The drainage blank slate

Our new S&WB Director Ghassan Korban is a man who, much like our new CFO and our new CAO, is brand new to New Orleans and yet finds himself in a position to make very big decisions with far reaching consequences for the city where he probably will not actually spend more than 5 to 10 years at maximum.

When you are in such a position. When you aren't from here, don't have any personal ties, don't give a shit who was here before you or who can live here after you're gone it becomes very easy to just treat the whole thing like a "blank slate" that can be written over on a whim. For example, it becomes very easy to just commit everyone to a massive overhaul of the drainage system.
Three weeks into his job, the new S&WB executive director is laying the groundwork for a bold plan that would go beyond the short-term fixes and emergency repairs that have dominated the agency since well before last summer’s floods in New Orleans.

His eye is on a multiple-decade master plan that would see brand-new systems for drainage, water and sewerage — a process that would mean at least tens of millions of dollars a year in new money from residents.

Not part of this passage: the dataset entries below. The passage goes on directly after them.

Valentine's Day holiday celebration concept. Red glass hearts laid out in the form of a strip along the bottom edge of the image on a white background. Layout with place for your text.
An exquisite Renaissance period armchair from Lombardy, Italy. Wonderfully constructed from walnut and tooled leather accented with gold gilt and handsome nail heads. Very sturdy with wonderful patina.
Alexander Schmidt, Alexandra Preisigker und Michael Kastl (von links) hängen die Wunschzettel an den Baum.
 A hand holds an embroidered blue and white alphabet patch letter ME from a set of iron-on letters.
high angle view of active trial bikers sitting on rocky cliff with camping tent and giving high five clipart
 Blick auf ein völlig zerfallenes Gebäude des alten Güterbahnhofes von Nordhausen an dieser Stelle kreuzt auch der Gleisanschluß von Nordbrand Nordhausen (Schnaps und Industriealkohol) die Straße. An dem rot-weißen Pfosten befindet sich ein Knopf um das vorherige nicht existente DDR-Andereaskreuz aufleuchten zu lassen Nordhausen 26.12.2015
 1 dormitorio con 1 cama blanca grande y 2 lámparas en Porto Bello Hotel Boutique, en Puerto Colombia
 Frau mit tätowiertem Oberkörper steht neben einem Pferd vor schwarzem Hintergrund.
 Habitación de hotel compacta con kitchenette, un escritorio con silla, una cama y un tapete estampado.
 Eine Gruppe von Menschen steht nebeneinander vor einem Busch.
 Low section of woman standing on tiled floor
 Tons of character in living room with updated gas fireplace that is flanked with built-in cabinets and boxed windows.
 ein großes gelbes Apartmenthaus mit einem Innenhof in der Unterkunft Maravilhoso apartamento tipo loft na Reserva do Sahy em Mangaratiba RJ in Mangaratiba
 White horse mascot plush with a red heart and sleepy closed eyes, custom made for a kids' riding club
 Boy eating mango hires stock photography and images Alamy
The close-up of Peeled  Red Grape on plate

“We’re at the point where replacement is the only option,” he said.
Mitch Landrieu, on his own way out the door and on to horizons well beyond the city, made the same recommendation.  He reckoned such an endeavor would run about $60 billion.   He also was not exactly shy about saying that $60 billion would come largely from regular old New Orleanians with little or no help from state or federal sources. It's lunacy to believe such a cost is bearable by the local population. The state boasts the nation's 2nd highest poverty rate and its 4th lowest median income.  The City of New Orleans is among the worst in the entire world in terms of income inequality and  is already looking at a potential $37 million budget shortfall for next year.

Simply put, there isn't enough money available to support and maintain $60 billion worth of new infrastructure.  Not unless we're willing to make a drastic shift in where our tax burden falls.  We could do a bit more if we decided to actually tax rather than subsidize the hoteliers, real estate moguls, non-profit scammers, and oil and gas polluters who draw off and hoard whatever wealth the desperate toil of Louisiana workers produces for them.  But the Mitch Landrieus and LaToya Cantrells of the world will do no such thing.  All they know how to do is squeeze the "bad actors" among the proles for every last dime they are worth only to blame their "culture of permissiveness" when the turnip fails to produce enough blood.

None of this is to say Korban and Mitch are wrong in the abstract.  A top to bottom overhaul of the city's water management system is a fine idea. In an ideal world where we don't penalize people for being poor, it would be just the thing to set to work on right about now.  But in the absence of fair and adequate funding for infrastructure, we're probably better served to keep muddling through for the time being.  Otherwise, we're stuck trying to raise the money on the Trump Administration's terms. And, as we've tried to point out previously, that is a direct path to privatization.  Maybe Korban is fine with that.  Cantrell hasn't really taken a position on it in a while.  Someone should probably ask, though. It's going to come up sooner or later.